September 18, 2008

Google's New Browser

Have you tried Google's new open source browser yet? I've been using it for about two weeks now and it has quickly become my browser of choice on my PC (there is no Mac version available yet). However much I like the browsing experience on a personal level, I'm not convinced that this early version of Chrome provides the security required on our public computers. 

Here is why I like Chrome:
  • It's fast. On my home DSL connection my underpowered Vista laptop flys through the Web. 
  • I like the combined search and URL boxes. 
  • Tabbed browsing is always appreciated. 
  • URLs displayed in the URL/search box are shown as such: "" - I think this is a terrific security feature. 
And the final clincher for me? Chrome provides suggested spellings for book title/author searches in I use Amazon every week to look up audiobook reviews and have been hoping for this feature for some time now. 

Here is what I dislike about Chrome (from the perspective of a librarian):
  • When a new tab opens, it automatically opens to a graphical display of the most visited sites - Everyone's sites! I can not seem to reset this option. (If there is something I'm missing, please let me know.) 
  • There is no way to clear private data and history automatically when the browser closes. Each user would need to remember to delete their history and private data. 
I hope that either I've not been able to find these settings or that Google adds them to a new release. 

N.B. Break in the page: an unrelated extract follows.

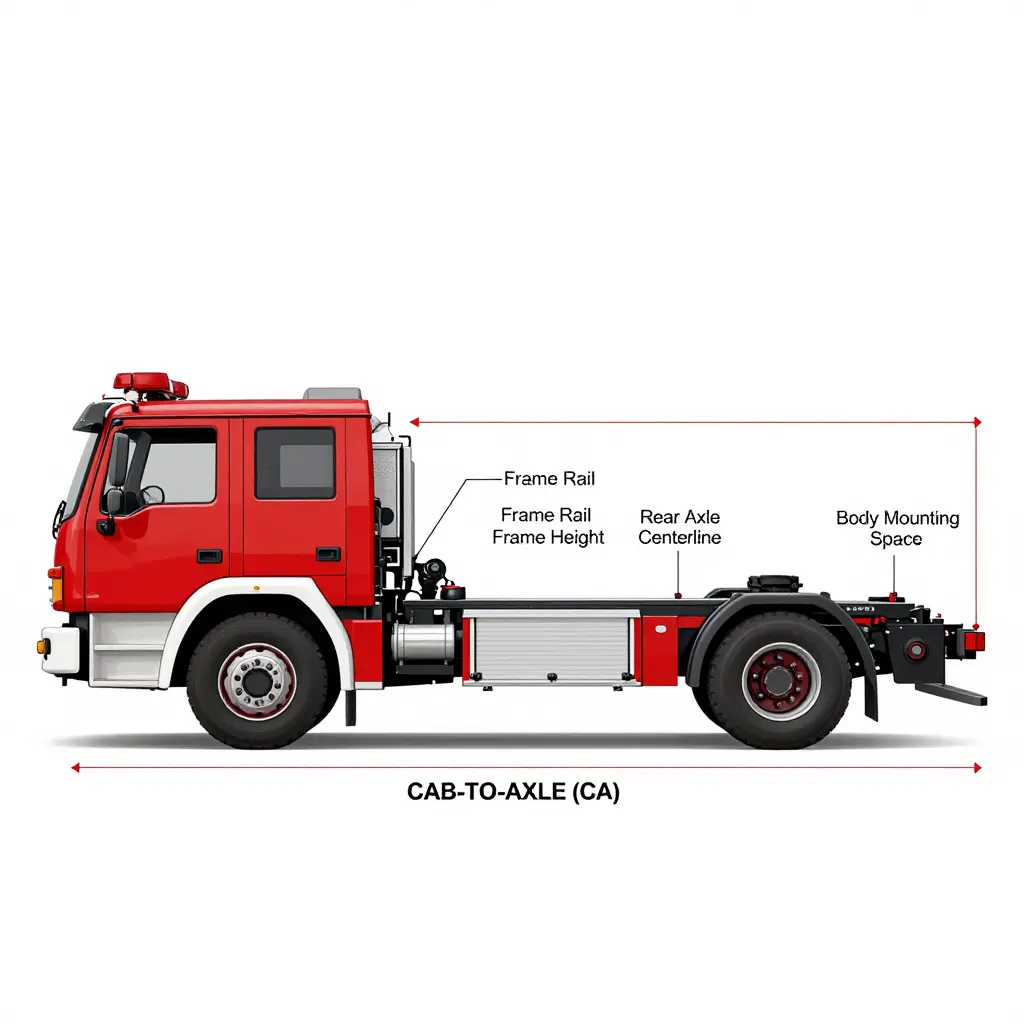 Side-view diagram of a fire truck chassis showing the cab-to-axle (CA) dimension measured from the back of the cab to the rear axle centerline, with labeled frame rail, frame height, and body mounting space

Would I install Chrome on public computers? Honestly, probably not at this time. Take a look at this paragraph from Information Week: 
One potentially negative aspect of Google Chrome is that it is more reliant on user browsing history than other browsers. Unless explicitly operated in Incognito mode or its default behavior is changed, Chrome records Web sites visited, recently closed tabs, recently saved Web pages, and frequently used search engines. It uses this information to populate a New Tab page when one is created.
Read the full article and user comments. 

Bottom line: Try out Chrome for yourself on your own computer. Are your patrons asking for an open source browser? If so, install Firefox and keep a watch for new privacy settings in future releases.